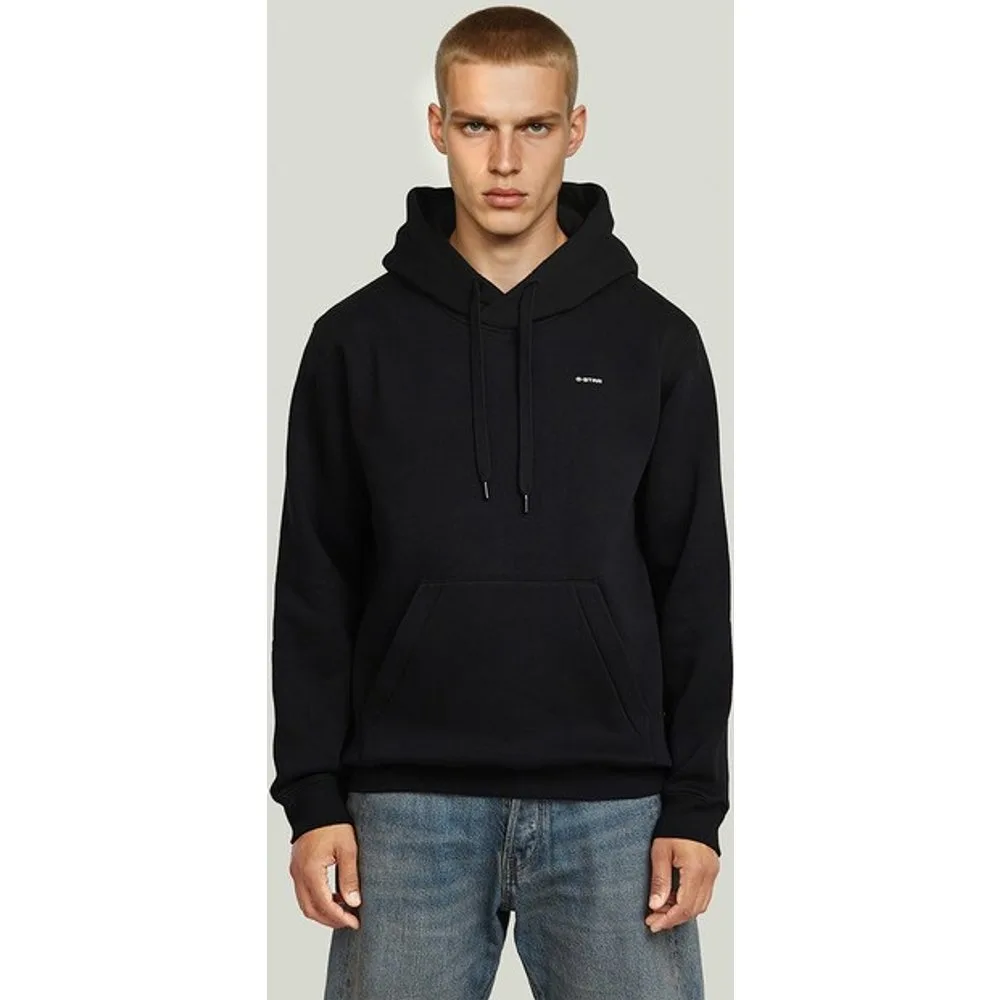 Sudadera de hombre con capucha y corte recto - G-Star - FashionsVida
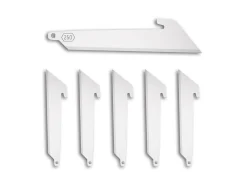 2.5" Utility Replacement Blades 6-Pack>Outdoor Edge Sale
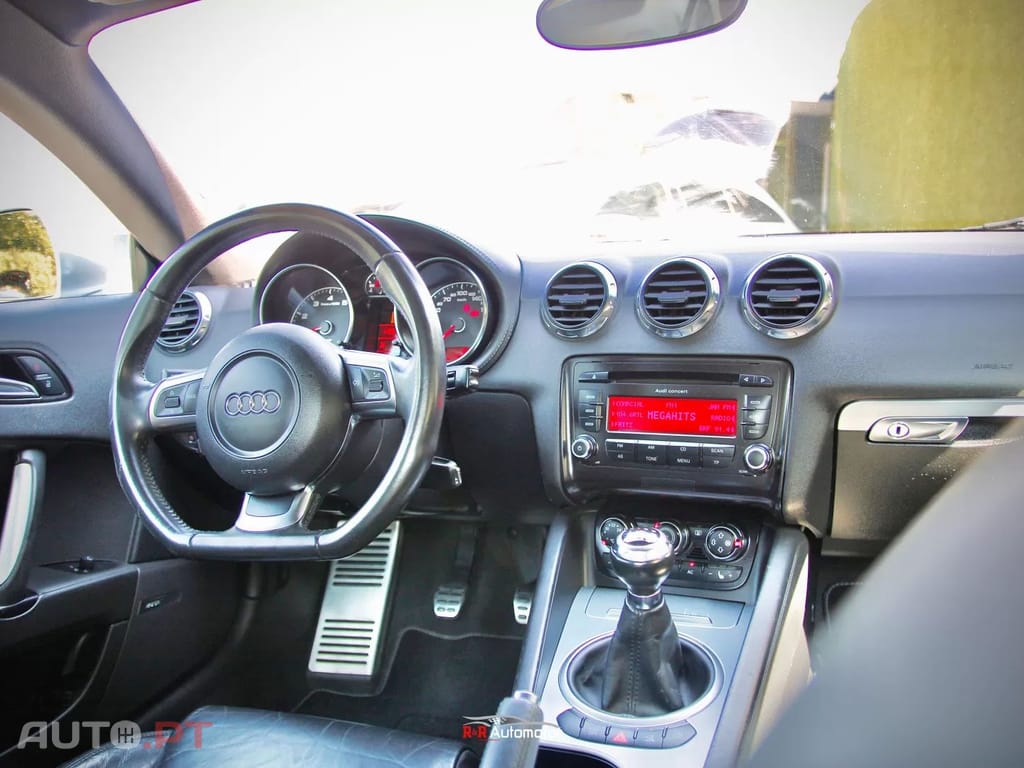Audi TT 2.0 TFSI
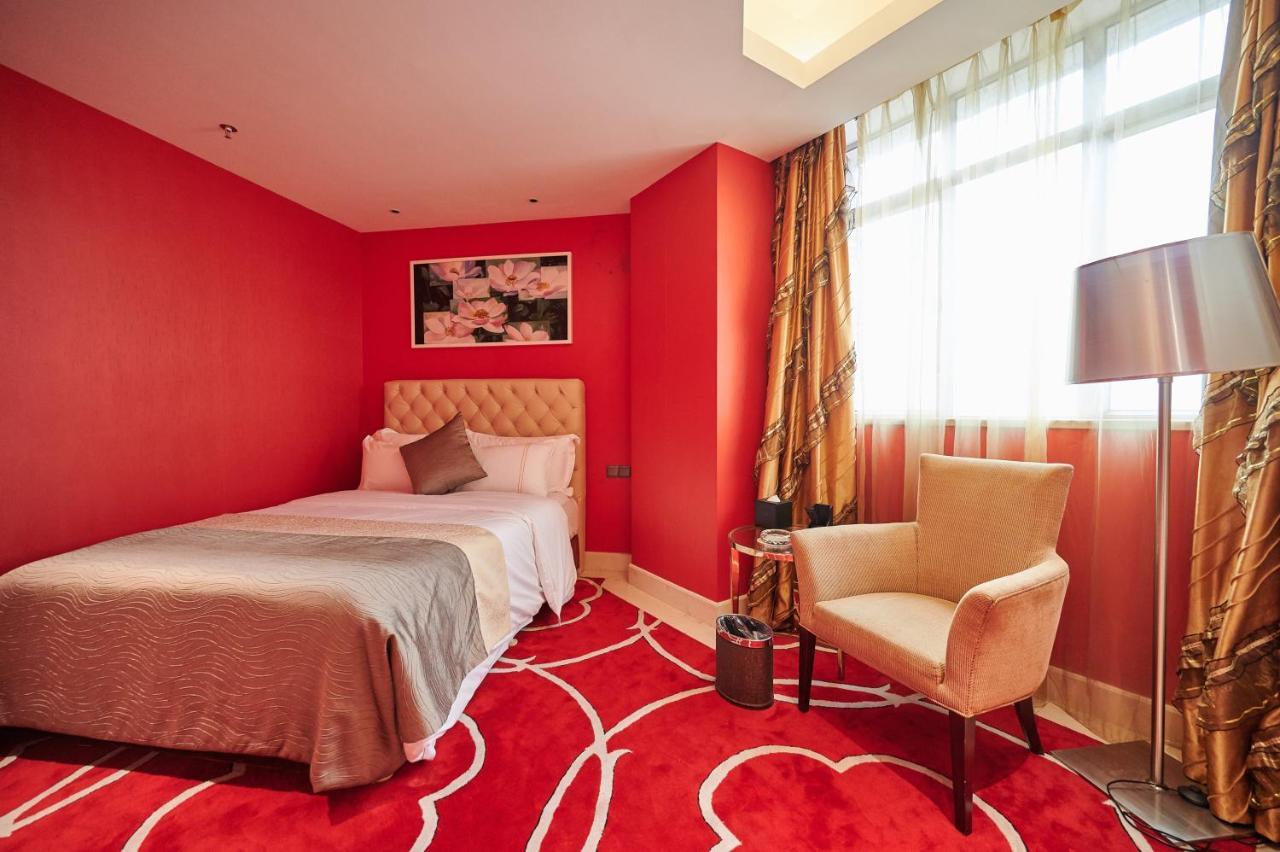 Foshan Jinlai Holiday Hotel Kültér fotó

____________________

INSTRUCTIONS TO FOLLOW:
Repeat the full listing above exactly, with no pictures in the copy.

TASK RESPONSE:
 Sudadera de hombre con capucha y corte recto - G-Star - FashionsVida
 2.5" Utility Replacement Blades 6-Pack>Outdoor Edge Sale
Audi TT 2.0 TFSI
 Foshan Jinlai Holiday Hotel Kültér fotó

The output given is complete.